I refer particularly to members of the Commonwealth Public Service who go overseas to help the Governments of Malaya, Singapore or India or of the under-developed nations as technical assistants, treasury advisers and so on. It is most imperative in these days that Australia should make available advice and assistance to any government with which we have friendly relations in order to assist with the administration of the country. The very best officers should be made available. But if such officers run the risk of not necessarily receiving credit for their period of service with the Government of Malaya, Singapore or India, many of them will be reluctant to make themselves available. If we are to remain a friendly, co-operative and peace-loving nation in the Pacific, it is absolutely essential that we co-operate with our near neighbours and make available to them the people that they may request from us at any time. But unless their service in the Commonwealth Public Service is safeguarded, many officers will not participate in these schemes.

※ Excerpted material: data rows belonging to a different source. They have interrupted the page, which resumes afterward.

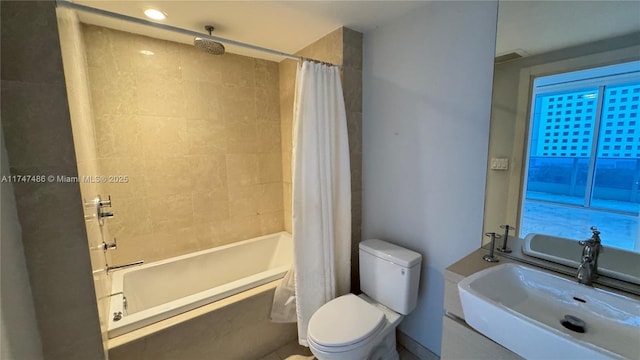 bathroom featuring tiled shower / bath combo, a sink, and toilet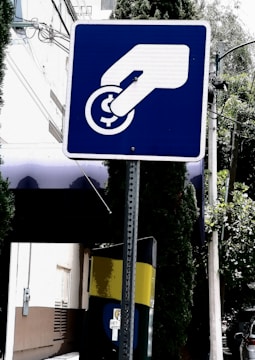 A blue and white sign depicts a hand inserting a coin into a slot or meter. The background includes a building, trees, and a utility pole with wires.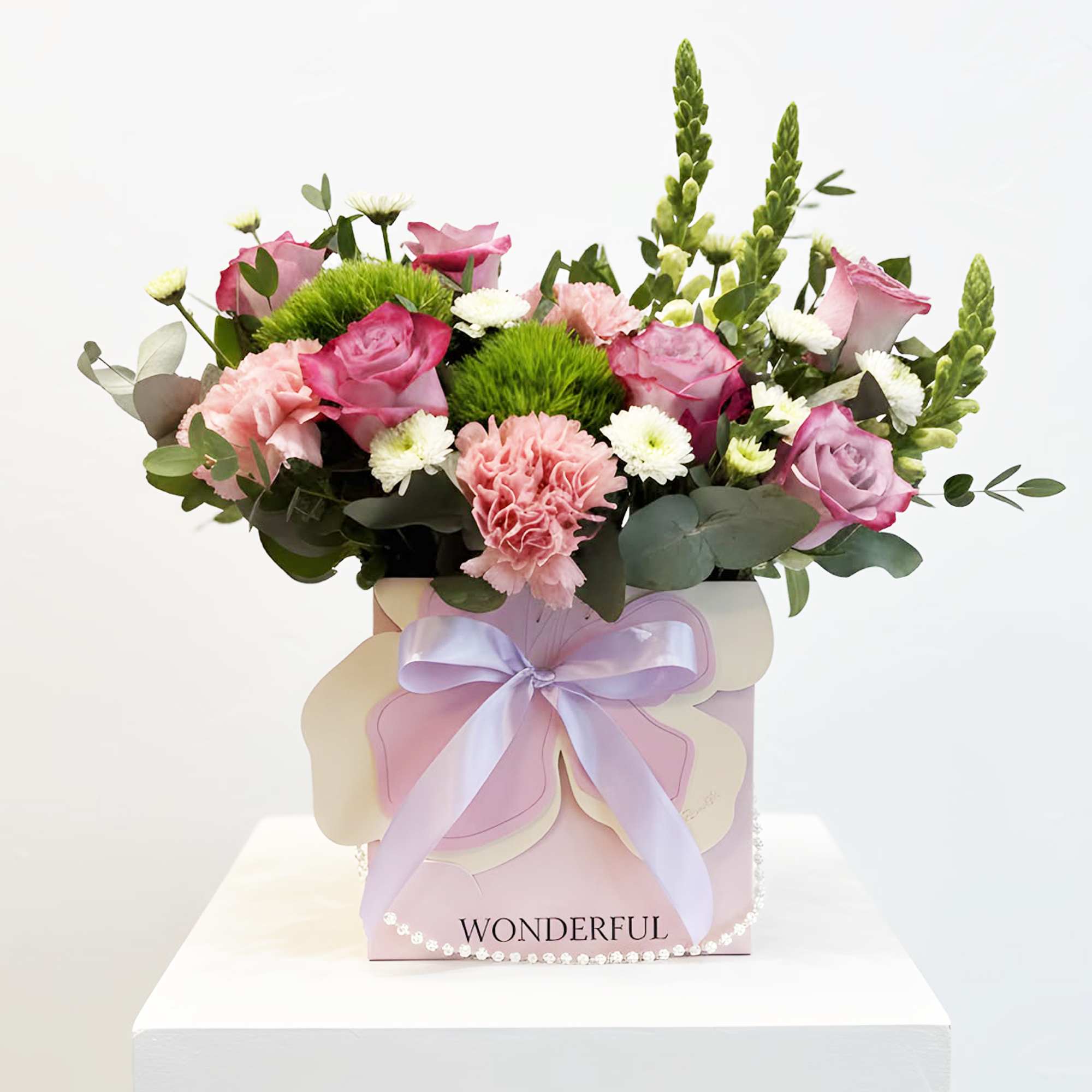 Pink roses and carnations in a pastel gift box with a lavender ribbon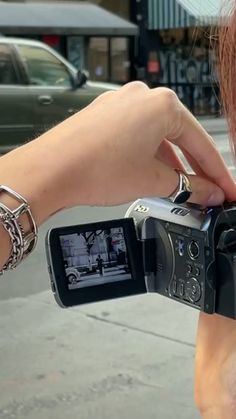 a woman is holding up a camera to take a picture on the side of the street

Similarly with union activities, officers will be reluctant to accept positions as executive officers of associations or to appear before arbitration tribunals if there is a risk that their leave without pay for this purpose will not be included in their period of service with the Commonwealth Public Service. Unless adequate protection is given to officers who engage in industrial activities, we will find that union matters will be left to those who are not sufficiently interested in them because others will not be prepared to sacrifice their rights in the Public Service. I do not say this with any malice, but I feel that this is the thin end of the wedge. I believe that this provision will take away from the officer who appears as an advocate or who accepts an executive position with his association, the safeguard that if he is defeated in an election to fill the position or if he resigns, he can go back to the Public Service and know that his period of service has continued although he has been engaged in these activities.

I believe that it should be mandatory for periods of leave without pay, granted to an officer to appear before an arbitration tribunal, to work as an executive officer of an industrial organization or to work for another government, to be regarded as a period of service under the Commonwealth Public Service Act.